__Input for this task__
+++

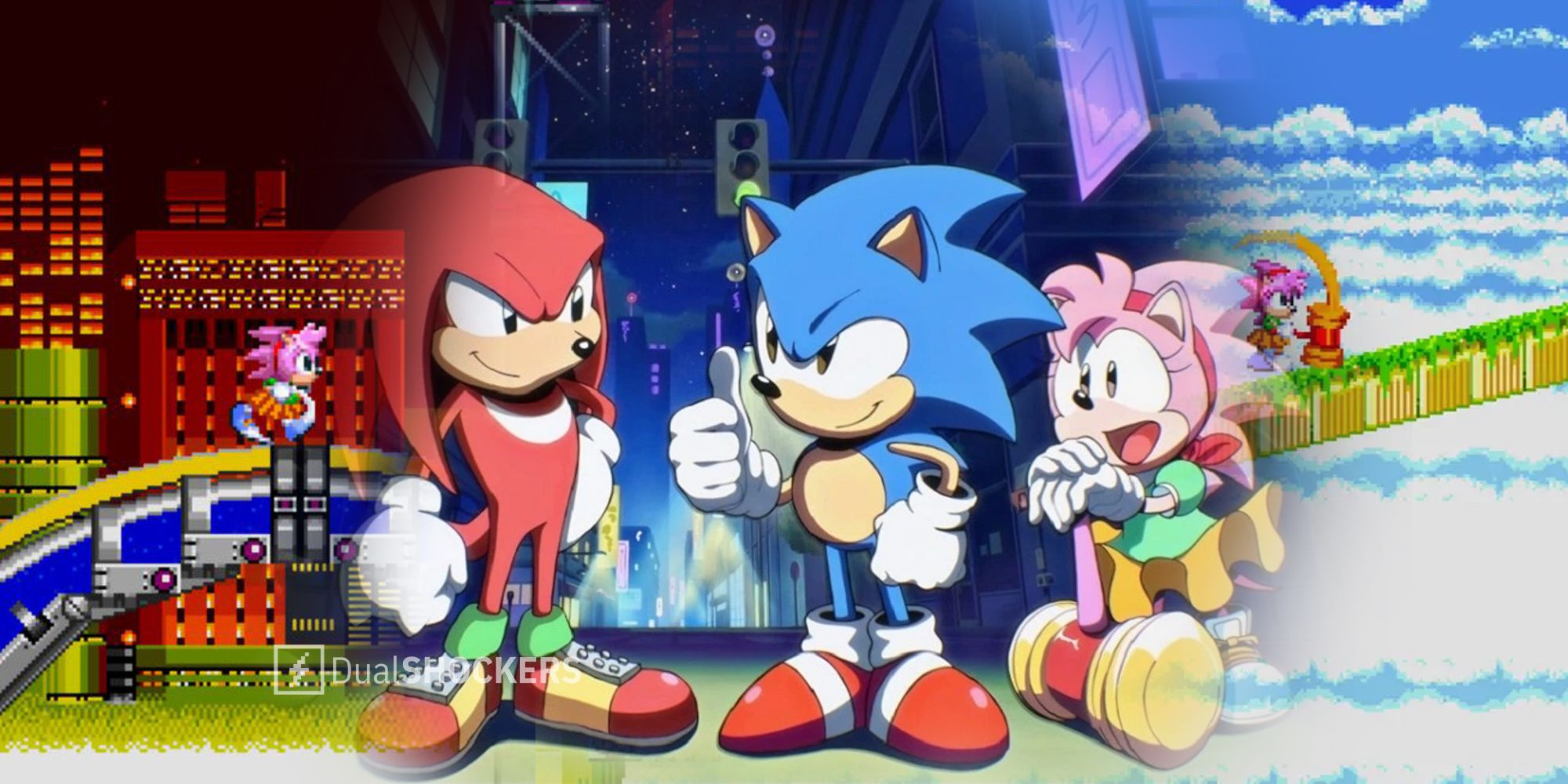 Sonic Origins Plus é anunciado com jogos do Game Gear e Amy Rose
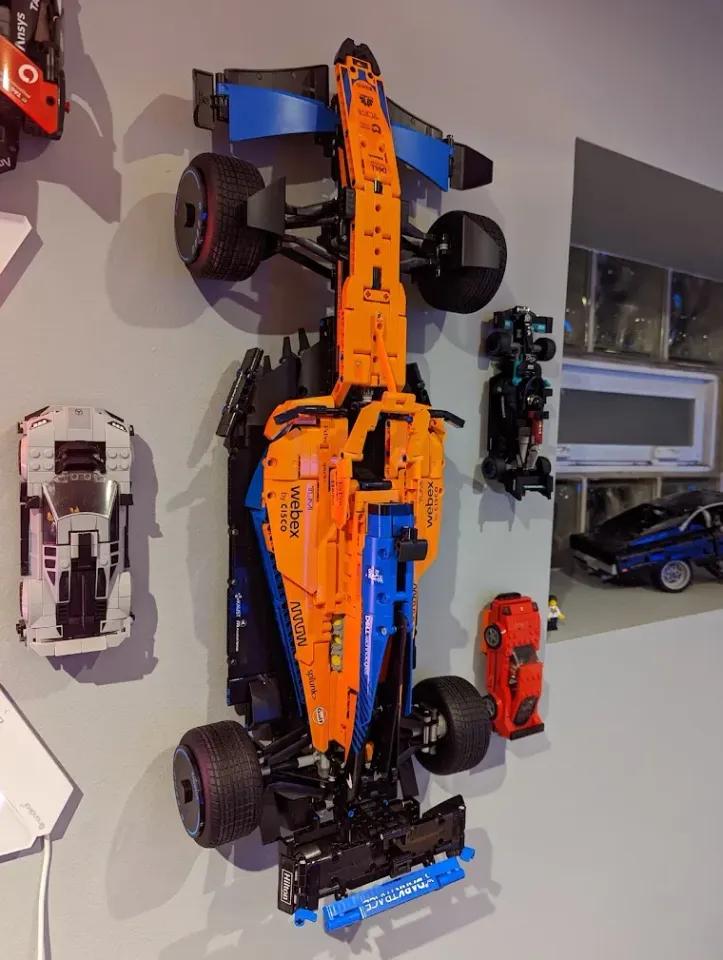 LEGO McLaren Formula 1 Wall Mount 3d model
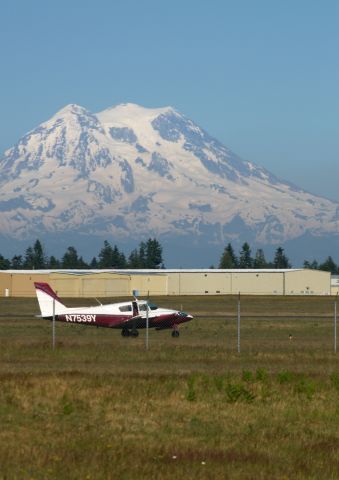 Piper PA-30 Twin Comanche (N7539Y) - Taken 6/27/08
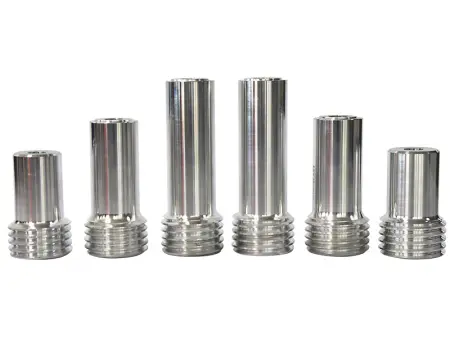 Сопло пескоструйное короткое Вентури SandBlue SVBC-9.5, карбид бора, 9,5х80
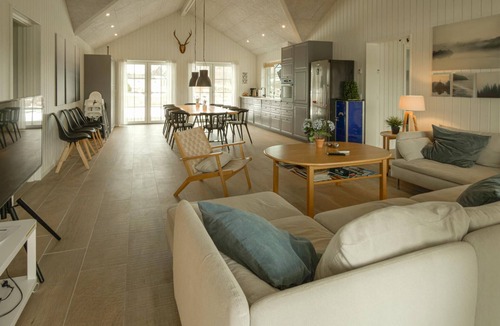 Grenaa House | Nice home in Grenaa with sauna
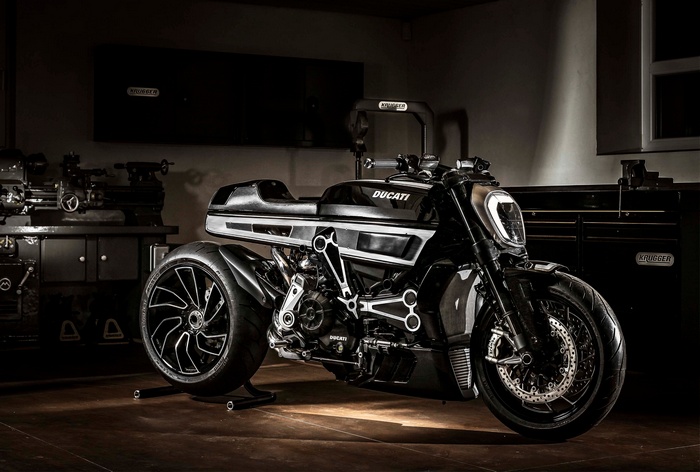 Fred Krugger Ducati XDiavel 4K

+++

__Task statement__
Both ends included, copy the lines from the one holding "Grenaa House |" to the last line of the entries exactly, with all pictures left out.

__Task result__
 Grenaa House | Nice home in Grenaa with sauna
 Fred Krugger Ducati XDiavel 4K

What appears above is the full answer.